I recently posted on my time in Portland, Oregon, and my love for the city. I also mentioned the anomalous ‘street people’ scene. Portland is so squeaky clean and seemingly well-run, and yet it seems to tolerate a thriving street person scene – some bordering on aggressive pan handling. I personally never felt threatened by this, but it was strange that these misfits are so tolerated.
From Portand’s Streets…
A recent Portland Tribune front page article asked, “Would Rudy Giuliani Put Up With This?” under a picture of a lavishly tattooed street person sitting in front of a rather blunt epithet I won’t quote on this blog. The article recounted the history behind the remarkable street and crime clean-up that took place under Rudy’s watch. The article said:
Then, in 1994, Police Chief William Bratton and Mayor Rudy Giuliani, within a matter of months instituted Draconian measures that changed the (New York) street culture in ways that remain in place today.”
The article goes on to recount:
Bratton, who initially led the transit police, first cracked down on subway turnstile jumpers and panhandlers – arresting them. In the process, they found that many of those arrested had outstanding warrants for more serious crimes. Making quality-of-life arrests on the subway reversed the momentum of declining ridership… and created a momentum that allowed law-abiding New Yorkers to reclaim public transportation.”
…to IT Meetings
So, what’s the connection to well-managed IT organizations? I’ve noticed over years of consulting that well-run IT organizations pay attention to the apparently small things – such as the discipline around scheduling and running meetings. Meetings start and end on time, have pre-published agendas, published results, with action items and assignments. They make sure meetings are necessary and productive, and that the right people (and only, the right people) are there.

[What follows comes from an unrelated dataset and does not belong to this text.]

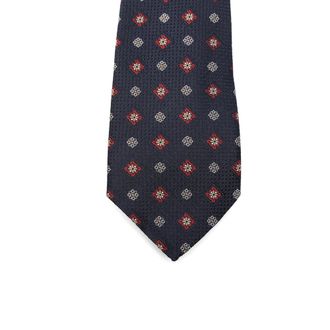 Canali Geometric Silk Necktie - Navy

Yes, I know we all tend to complain about “too many meetings.” But the reality is, for knowledge workers (yes, that’s us) meetings are an important part of our work.

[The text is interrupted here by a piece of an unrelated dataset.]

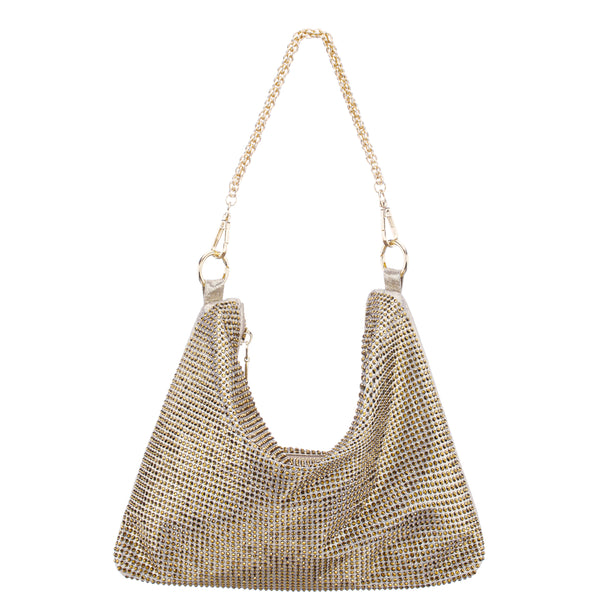 Womens Soho Gold Glass Crystal / Satin Hobo Bag | Nina Shoes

IT Leaders Model the Culture They Want
IT cultures are set from the top. When the CIO and the IT leadership team pay attention to meeting discipline – modeling excellent behaviors, and calling out sloppy meeting behaviors – just like turnstile jumping, people pay attention, discipline increases, and everyone benefits. On the other hand, when turnstile jumpers are tolerated – i.e., sloppy meetings are taken as ok, then discipline around all sorts of behaviors degrades, and IT performance drops. I guess there’s an analogy with ‘quality of life crime.’ Being late for a meeting is not a ‘crime’. But in terms of its impact on organizational cohesion and performance, it’s a ‘quality of organizational life crime.’ So is a lack of clear roles and accountabilities. So is an ‘entitlement culture’ where poor performers are tolerated.
Like a well-run ship (sorry, too many analogies here!) a well run IT organization is disciplined at the most fundamental level. It’s a manifestation of mutual respect and collective accountability. When I turn up late for a meeting at which I’m needed and expected, I am disrespecting my colleagues. The ones that show up at the appointed time sit there twiddling their thumbs. It’s as if the message I want to send is, “My time is so valuable I couldn’t be here on time – and all your time is so worthless, it’s no problem if y’all sit there waiting for me.”
And, of course, late meetings beget late meetings – these things escalate. I’m always bemused and angered when a plane is late “Due to a late arrival of the inbound flight” like that’s a valid excuse. As an Atlantan, most of my flying over the years has been on Delta. Each time they announce this excuse, it’s as if they are denying any culpability in the late flight. “It wasn’t our fault – it was the damn inbound flight you should blame!” Or, “The ground crew is not all here yet!” So, I wonder, who was responsible for the late inbound flight? Yep – Delta!
Enough ranting. You get the point. If you want to do a ‘quick and dirty’ IT Capability Maturity assessment, look no further than at how well you run IT meetings – including starting and ending on time. As goes the meeting discipline, so goes the IT capability performance – and the credibility you have with and value perceived by your business partners!